Most finance agreements, such as a Personal Contract Purchase or Personal Contract Hire, require you to estimate your annual mileage at the beginning of the contract, this is part of the information that goes to make up the (Guaranteed Minimum Future Value), the value of the car at the end of the contract. If you under-estimate your mileage you will have to pay for the excess miles at the end of the agreement.
Bad credit history
When you apply for a loan or car finance the Lender will usually want to check your credit history with a credit reference agency, this will tell them how you have performed in the past and indicate how likely you are to make the repayments.
If your credit history is good and you do not have any defaults or CCJ’s against your name you will probably get the loan, but a poor credit score will affect the chance of you receiving credit. Your credit score is something to actively protect for the future and can be checked with a credit reference agency such as Experian.
You may have a cash deposit towards your new car or maybe you are going to part exchange your existing car; the balance financed is the actual amount you end up borrowing for your next car purchase.
Balloon payment or (GMFV)
A balloon payment also known as the (Guaranteed Minimum Future Value) is the sum that is deferred until the end of some car finance agreements, for instance on Personal Contract Purchase and Personal Contract Hire contracts. Deferring the payment means you will make lower monthly repayments for the duration of the contract, at the end of the agreement you will have the option to pay a balloon payment to buy the car outright.
A Conditional Sale is a finance agreement which providing you have paid in full and met the terms of the agreement, the the car will automatically belong to you. Similar to an HP agreement except with the HP an “Option to Purchase” fee has to be paid before ownership of the car transfers to you.
This is the legally-binding contract containing the details of the finance agreement between the finance company and you, the borrower. The credit agreement includes the terms including the amount borrowed, period of the loan and the fixed APR, as well as your rights and responsibilities.
The scoring system used by the finance companies to determine your credit history when making a decision on a car loan application.
As part of a promotional or marketing campaign some car dealers will often be prepared to make a contribution towards the minimum deposit payment required under a finance agreement.
Depreciation is the amount a car will devalue over a period of time.
Otherwise known as the Administration fee, this is the charge you will need to pay for the setting up of the finance contract and the issue of documentation. This fee is included as part of the cost when the APR is calculated.
If you want to repay a loan or finance agreement before the end of the contract, you will need to request, from the Lender, an “early settlement” figure. By paying the finance company early you may save on the interest that would have been charged for the remainder of the agreement.
The difference between the amount of the loan remaining and the agreed market value of the car is the “Equity”. When the market value is higher than the outstanding finance the customer has equity in the car, but if the value is less than what is still owed you will have “negative-equity”.

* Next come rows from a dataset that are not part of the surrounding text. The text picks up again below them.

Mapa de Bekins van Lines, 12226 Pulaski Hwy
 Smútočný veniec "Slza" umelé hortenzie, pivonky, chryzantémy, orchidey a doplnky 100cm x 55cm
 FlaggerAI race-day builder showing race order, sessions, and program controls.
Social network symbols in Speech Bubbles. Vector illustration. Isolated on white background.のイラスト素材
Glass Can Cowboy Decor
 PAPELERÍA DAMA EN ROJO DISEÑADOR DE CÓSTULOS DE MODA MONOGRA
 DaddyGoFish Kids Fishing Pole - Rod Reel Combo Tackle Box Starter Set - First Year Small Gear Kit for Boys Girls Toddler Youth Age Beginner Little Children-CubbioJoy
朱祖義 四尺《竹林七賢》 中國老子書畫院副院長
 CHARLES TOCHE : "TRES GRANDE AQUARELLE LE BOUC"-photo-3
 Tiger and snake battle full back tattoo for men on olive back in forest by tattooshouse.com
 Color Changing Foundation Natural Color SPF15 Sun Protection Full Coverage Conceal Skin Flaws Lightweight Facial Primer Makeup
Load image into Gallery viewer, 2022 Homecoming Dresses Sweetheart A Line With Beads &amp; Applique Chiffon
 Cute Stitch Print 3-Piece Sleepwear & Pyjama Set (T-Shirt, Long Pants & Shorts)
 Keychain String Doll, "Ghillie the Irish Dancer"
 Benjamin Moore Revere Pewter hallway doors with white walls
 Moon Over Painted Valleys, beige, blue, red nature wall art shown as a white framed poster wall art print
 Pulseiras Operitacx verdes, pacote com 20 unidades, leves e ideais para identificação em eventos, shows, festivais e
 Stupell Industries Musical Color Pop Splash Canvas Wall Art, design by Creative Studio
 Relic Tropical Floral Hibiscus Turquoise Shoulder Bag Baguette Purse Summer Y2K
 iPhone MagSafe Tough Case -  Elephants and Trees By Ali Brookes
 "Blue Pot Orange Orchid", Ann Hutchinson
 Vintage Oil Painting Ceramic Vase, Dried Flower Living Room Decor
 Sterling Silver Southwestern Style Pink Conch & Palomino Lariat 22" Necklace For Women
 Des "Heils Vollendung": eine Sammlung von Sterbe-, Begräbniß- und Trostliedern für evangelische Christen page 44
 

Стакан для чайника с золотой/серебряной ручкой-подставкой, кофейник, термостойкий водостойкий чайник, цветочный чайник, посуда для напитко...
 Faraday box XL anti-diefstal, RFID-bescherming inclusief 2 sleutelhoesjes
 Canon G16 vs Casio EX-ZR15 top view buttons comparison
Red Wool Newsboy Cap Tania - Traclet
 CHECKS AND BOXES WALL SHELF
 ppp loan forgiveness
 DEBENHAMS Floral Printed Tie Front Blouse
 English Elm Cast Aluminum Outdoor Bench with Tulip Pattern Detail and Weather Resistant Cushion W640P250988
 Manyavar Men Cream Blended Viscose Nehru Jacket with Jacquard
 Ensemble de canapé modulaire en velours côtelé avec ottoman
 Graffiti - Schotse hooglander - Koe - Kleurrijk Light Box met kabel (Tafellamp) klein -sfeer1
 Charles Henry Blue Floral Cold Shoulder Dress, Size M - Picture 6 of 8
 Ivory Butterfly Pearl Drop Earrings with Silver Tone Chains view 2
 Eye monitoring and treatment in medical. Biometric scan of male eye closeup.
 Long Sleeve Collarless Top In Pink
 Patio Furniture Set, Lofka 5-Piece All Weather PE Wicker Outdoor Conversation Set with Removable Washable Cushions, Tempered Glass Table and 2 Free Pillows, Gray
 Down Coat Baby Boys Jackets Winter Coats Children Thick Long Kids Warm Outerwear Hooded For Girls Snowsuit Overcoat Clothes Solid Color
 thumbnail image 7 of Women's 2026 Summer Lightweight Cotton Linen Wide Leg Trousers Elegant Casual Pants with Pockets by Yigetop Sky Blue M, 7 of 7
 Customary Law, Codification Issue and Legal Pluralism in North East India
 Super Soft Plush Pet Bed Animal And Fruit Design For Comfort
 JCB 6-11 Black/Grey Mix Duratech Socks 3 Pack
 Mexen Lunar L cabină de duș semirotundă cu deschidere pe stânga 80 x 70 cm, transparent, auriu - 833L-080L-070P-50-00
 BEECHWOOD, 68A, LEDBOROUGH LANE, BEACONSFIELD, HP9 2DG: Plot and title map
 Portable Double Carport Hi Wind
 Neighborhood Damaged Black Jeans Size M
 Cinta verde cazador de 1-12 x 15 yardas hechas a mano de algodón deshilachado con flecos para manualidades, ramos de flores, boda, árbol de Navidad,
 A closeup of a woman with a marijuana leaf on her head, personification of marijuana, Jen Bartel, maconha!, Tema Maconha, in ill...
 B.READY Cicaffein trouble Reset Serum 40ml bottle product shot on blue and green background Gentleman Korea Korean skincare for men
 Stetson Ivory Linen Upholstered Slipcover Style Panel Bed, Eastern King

This is the final payment under finance contracts; with a Hire Purchase agreement it is known as the (option to purchase fee) whilst with a Personal Contract Purchase it is called the (the balloon payment).
This means the APR (Annual Percentage Rate) that will remain fixed for the length of the contract.
Car dealers will often quote a flat rate of interest (on a monthly or annual basis); this is the base interest rate charged on the finance and does not include other charges like admin fees. To compare finance deals on a like for like basis you should always request the APR and not the flat rate.
GAP insurance (Guaranteed Asset Protection)
Your insurance company will only pay out the current market value if your car is in an accident.
So you have a car finance credit agreement it can be wise to obtain GAP insurance, it can help to cover the difference between the market value (paid out by your insurer) and the amount you have outstanding on your car finance (Finance GAP), or the original purchase price of your car (Return to Invoice GAP).
Your income before deducting tax and National Insurance is your gross income. You may be asked for your this when applying for finance.
Guaranteed Minimum Future Value
The GMFV occurs in agreements such as a Personal Contract Purchase where the cost of a percentage of the car is deferred until the end of the agreement. The future value of the car is assessed, by the Lender, at the beginning of the contract and this is known as the Guaranteed Minimum Future Value. (See also Balloon Payment). The GMFV is based on a number of factors including the estimated annual mileage you will drive and the length of the agreement.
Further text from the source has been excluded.